Nearly a million trees were logged in the past decade as the government removed plantations sucking up water from the shrinking Wular lake, protected under the United Nations Ramsar convention.
Elsewhere, willows have been hacked down to make space for farmland and rice paddies.
Demand for timber from other industries, including plywood and pencils, has meant some have replaced willow with swifter-growing poplar.
"A willow tree matures in 30 years and poplar in half the time, and it fetches the same price," said Feroz Ahmed Reshi, whose family has supplied willow wood to bat-makers for generations. "This year, we planted 300 poplars and about five willows."
- 'Our SOS' -
The government banned cleft exports to the rest of India or overseas 25 years ago in a bid to control logging and boost industry in Kashmir.

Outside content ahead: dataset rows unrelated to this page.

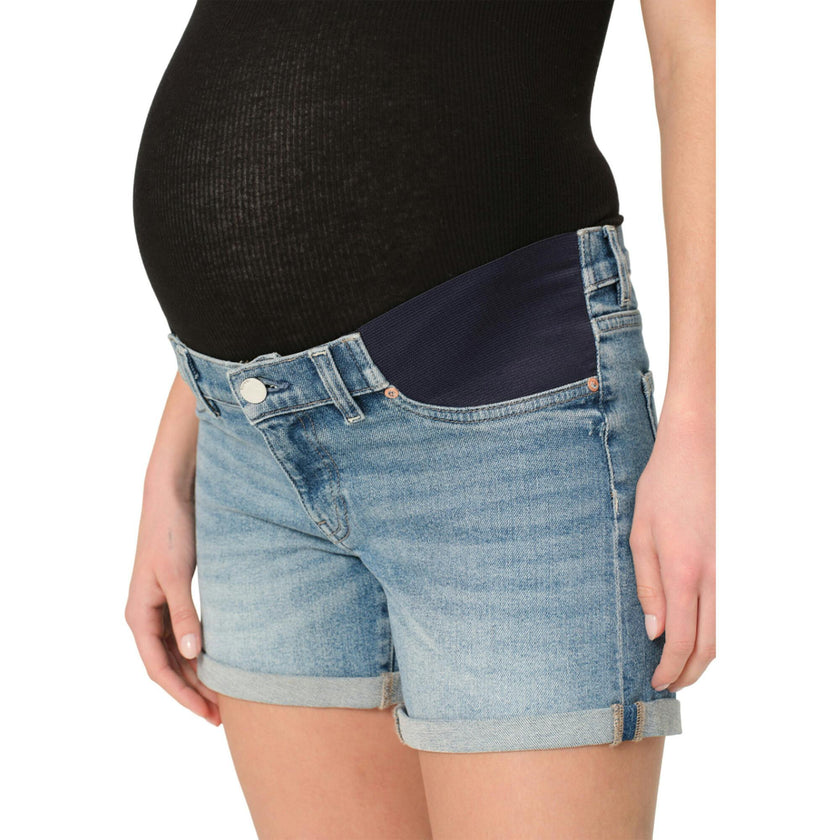 Zoie Jean Shorts Maternity Relaxed 4.5 | Lt Springdale Rolled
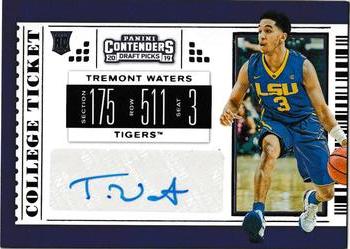 2019 Panini Contenders Draft Picks #126 Tremont Waters Front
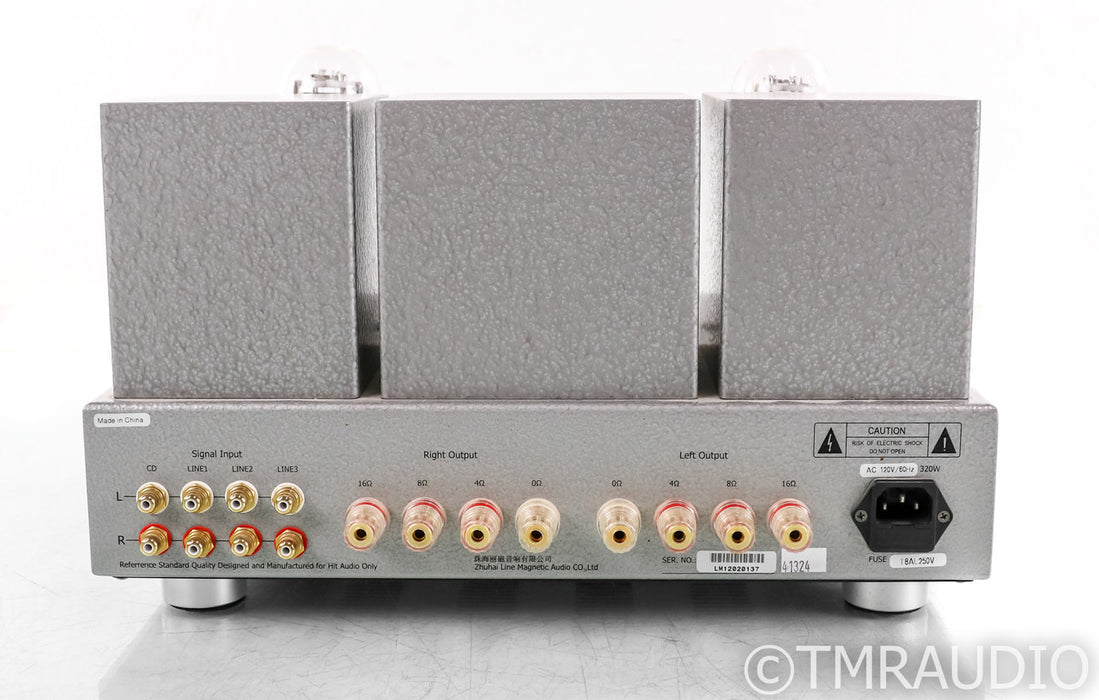 Line Magnetic LM-218 IA Stereo Tube Integrated Amplifier; Silver; LM218IA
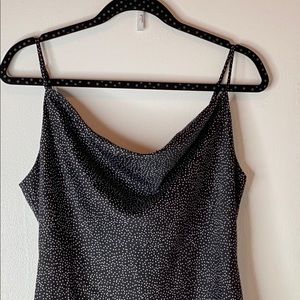 Urban outfitters satin polka dot dress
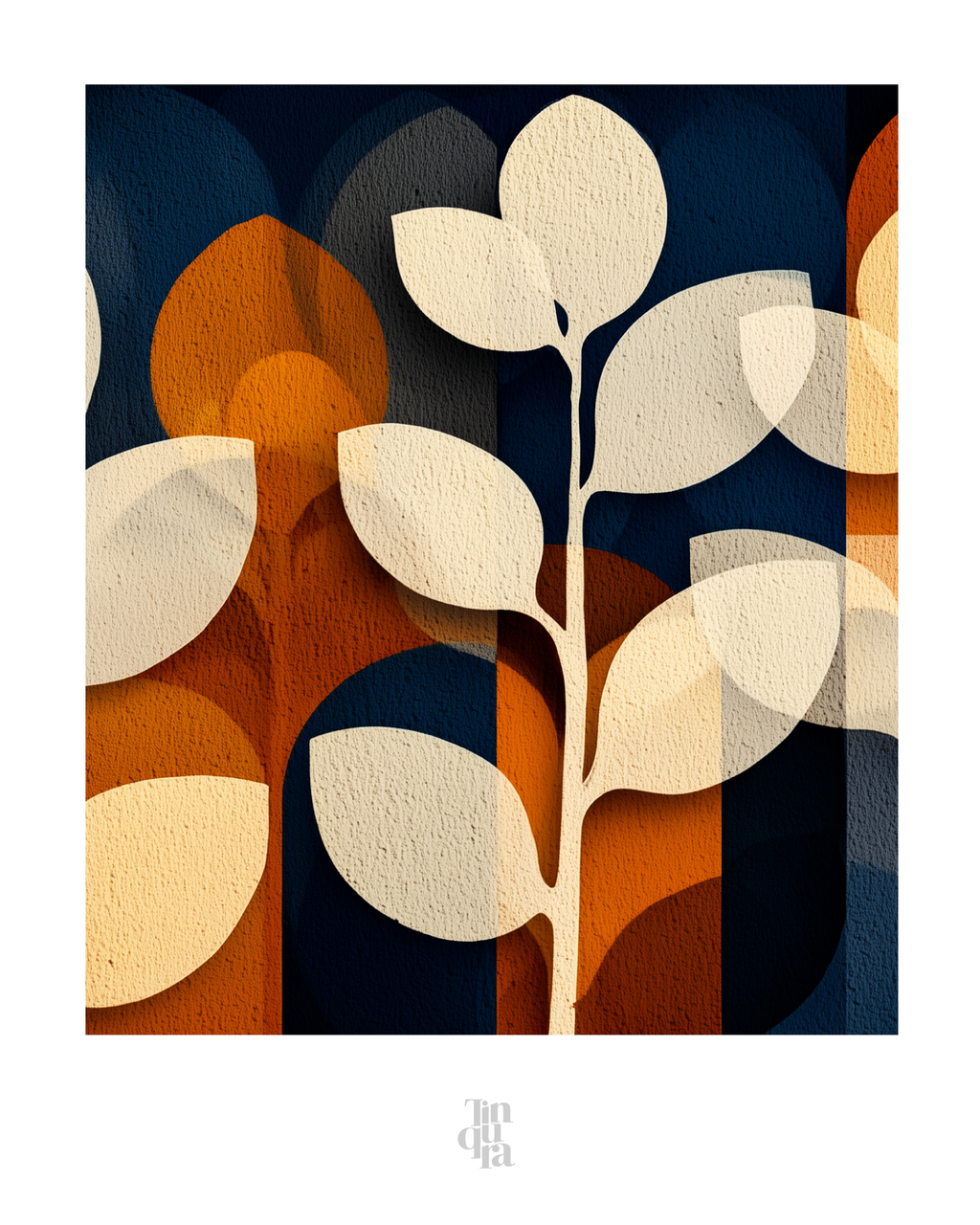 Vegetación blanca · 140 × 70 cm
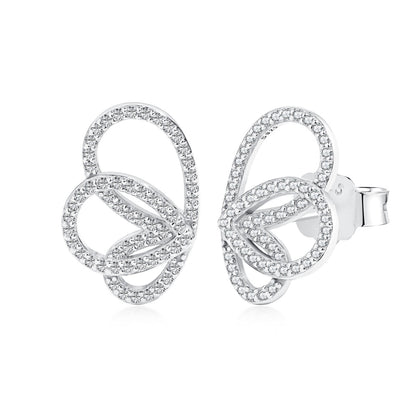 [Olivia JW]Exquisite Butterfly Shape Earrings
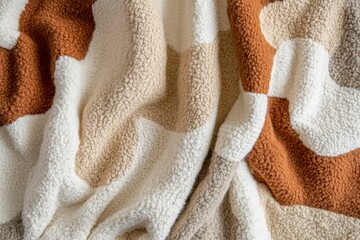 Explore the cozy elegance of boucle fabric in modern home decor and winter fashion styles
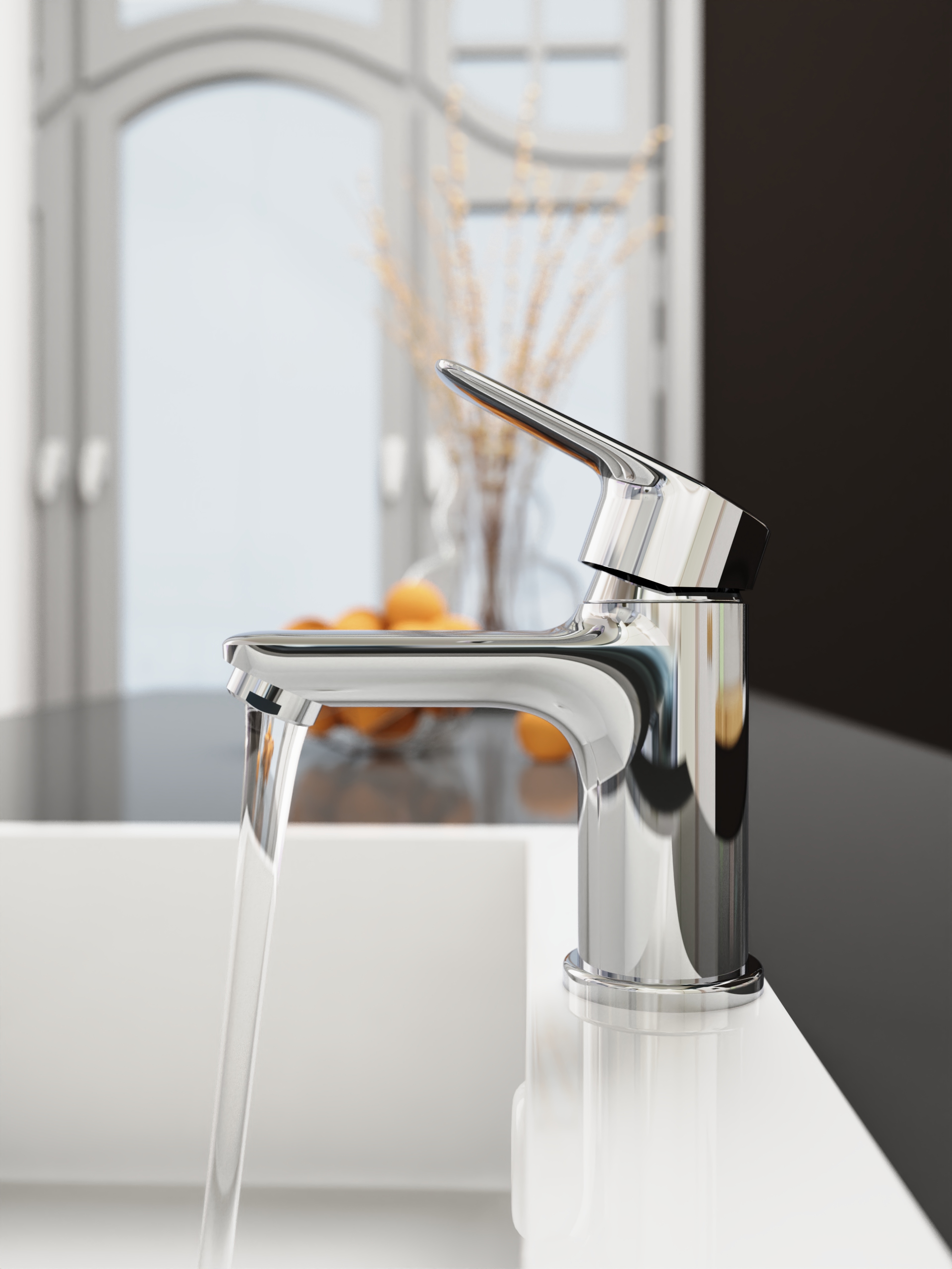 Смеситель для раковины TOKITO HAPPO хром (TOK-HAP-1011)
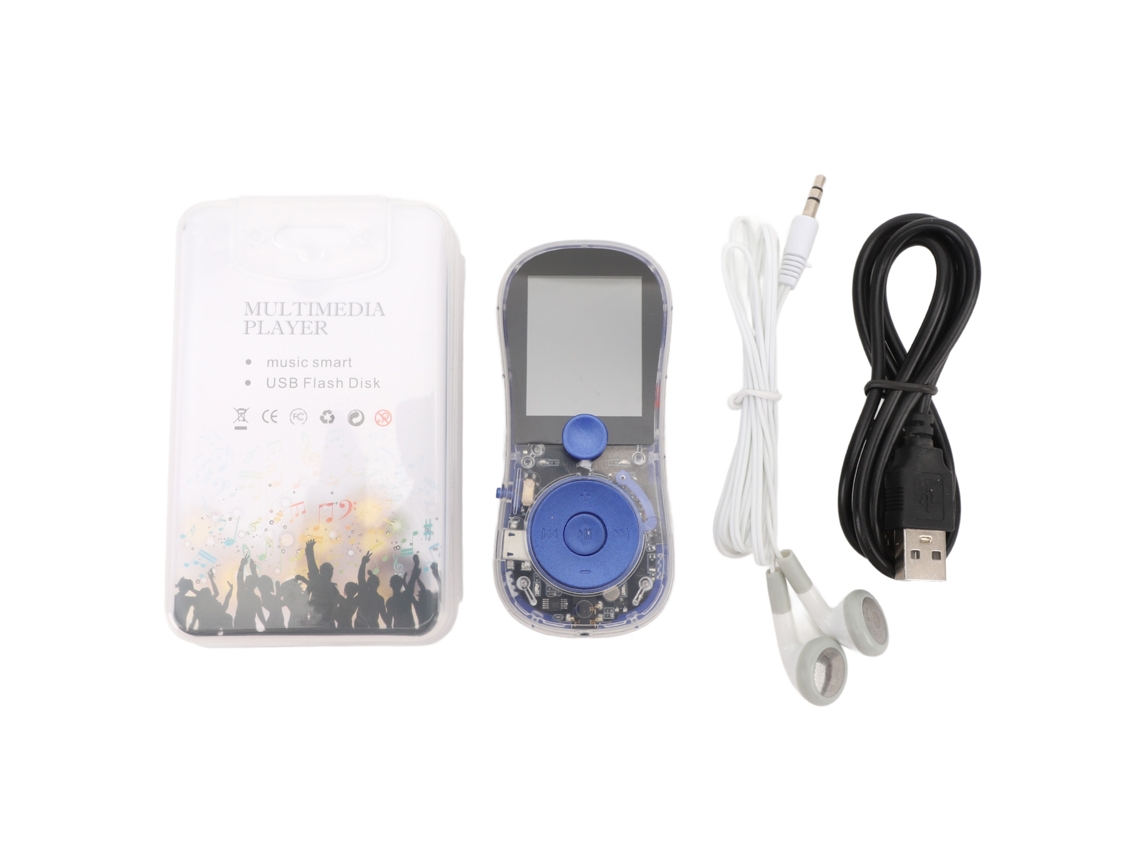 Player Mp3 Mp4 Com Tela Colorida 1.77 Polegadas Leitor De E-book E Brinquedo Rotativo Para Crianças E Idosos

But the law is repeatedly flouted with some 100,000 clefts illegally sent elsewhere annually, a bat-makers association official said.
"Smuggling of our precious raw material has not stopped," the official said, speaking on condition of anonymity due to the sensitive nature of the topic.
Authorities used to plant willow on state land to maintain firewood supplies but stopped decades ago as electricity and gas became available for heating.
Shah, the forestry official, believes bat-makers must "plant their own willow on their own land" to replace each tree felled.
But private land is scarce in Kashmir, and prices have surged since New Delhi suspended the region's semi-autonomous status and imposed direct rule in 2019.
That allowed Indians from elsewhere to buy land in Kashmir for the first time, a policy denounced by critics as "settler colonialism".
GR8's factory and showroom are in the small town of Sangam, the centre of the bat industry, where tourists snap up bats from lines of stores, spending anything from $12 to $180.
"This is our SOS to the government," owner Kabiir said. "We cannot do it alone."